Des zones d’ombre persistantes
Ce vendredi, les fouilles menées dans le champ de Mailhoc où le peintre-plaquiste de 38 ans avait mené les gendarmes la veille se sont achevées. Les ossements du bas du corps découverts sur place ont été transportés par hélicoptère à l’Institut de recherche criminelle de la Gendarmerie nationale (IRCGN), situé à Pontoise, en région parisienne. Leur analyse pourrait durer encore plusieurs jours, et il est pour l’heure impossible de dire ce qui pourra en être conclu sur le plan criminel, et sur la possibilité pour les experts de l’IRCGN d’y relever des indices permettant de faire émerger la vérité sur les circonstances de la mort, à l’âge de 33 ans, de Delphine Aussaguel. Le temps et l’œuvre d’animaux ont pu détériorer irrémédiablement les restes de la victime, dont une partie a pu se retrouver dispersée dans plusieurs champs, lors de travaux d’épandage.
Les ossements découverts ont été transportés par hélicoptère à l’Institut de recherche criminelle de la gendarmerie nationale, en région parisienne. Photo AFP/Matthieu Rondel
« On va devoir se contenter de la parole de Jubillar qui va nous expliquer qu’il n’a pas fait exprès », s’inquiète depuis jeudi Me Philippe Pressecq, l’avocat d’une cousine de Delphine Aussaguel. De fait, l’état de dégradation avancé des ossements découverts, qui ne semblent pour l’heure pas complets, pourrait laisser suffisamment de zones d’ombre pour que la nouvelle version des faits que Cédric Jubillar soit impossible à vérifier par les analyses médico-légales, dans ce dossier rendu déjà complexe par l’absence de scène de crime et d’arme.
« Un cas de figure pas simple »
« On travaille sur ce qu’on appelle des os anciens. Donc l’ADN n’est pas forcément conservé d’une bonne manière », a confirmé à l’AFP le général Stéphane Calderara, directeur de l’Institut de recherche criminelle de la gendarmerie nationale. Le militaire prévient : « On est vraiment sur un cas de figure pas simple », et les analyses permettant d’éclairer les enquêteurs, puis la cour d’assises de la Haute-Garonne chargée de juger en appel Cédric Jubillar, vont « prendre du temps ». Quand toutes les conclusions scientifiques seront connues, un nouvel interrogatoire de l’accusé sera ensuite nécessaire pour éclaircir la façon dont est morte Delphine. Ou encore pour savoir pourquoi et comment son mari a choisi cet endroit pour dissimuler le corps, et s’il avait repéré les lieux, voire préparés.
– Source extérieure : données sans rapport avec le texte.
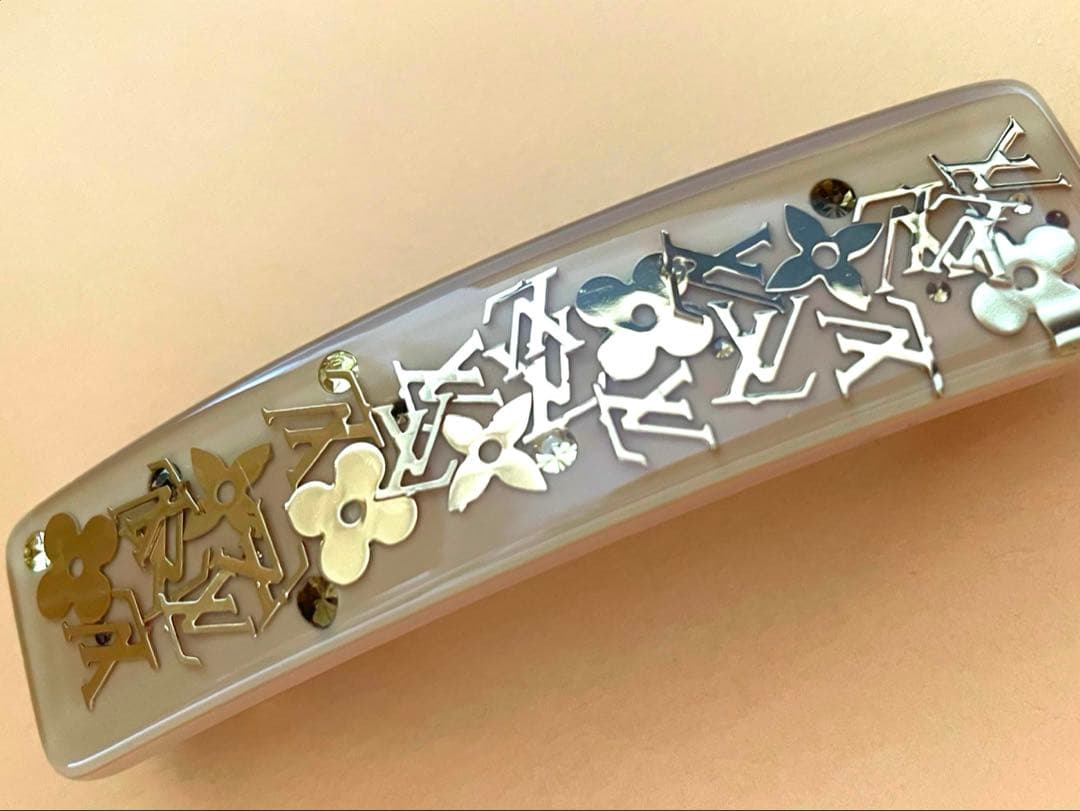 Louis Vuitton ロゴバレッタ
Dans un entretien accordé jeudi soir à BFMTV, Me Pierre Debuisson a assuré que Cédric Jubillar avait « exprimé des regrets très profonds », reconnaissant avoir « commis un acte abominable ». Le pénaliste toulousain, qui a repris avec son père la défense de l’accusé, a mis en cause les enquêteurs de l’époque qui sont selon lui « passés à côté de choses assez énormes dans les 48 heures qui ont suivi la disparition » de la jeune femme, en promettant des révélations lors du procès en appel. Des déclarations qui confirment la volonté d’atténuer au maximum l’implication du peintre-plaquiste à la fois dans la mort de Delphine Aussaguel - en remettant en cause l’intention de tuer au profit de simples coups mortels - mais aussi dans les cinq ans et demi de recherches vaines du corps de la victime.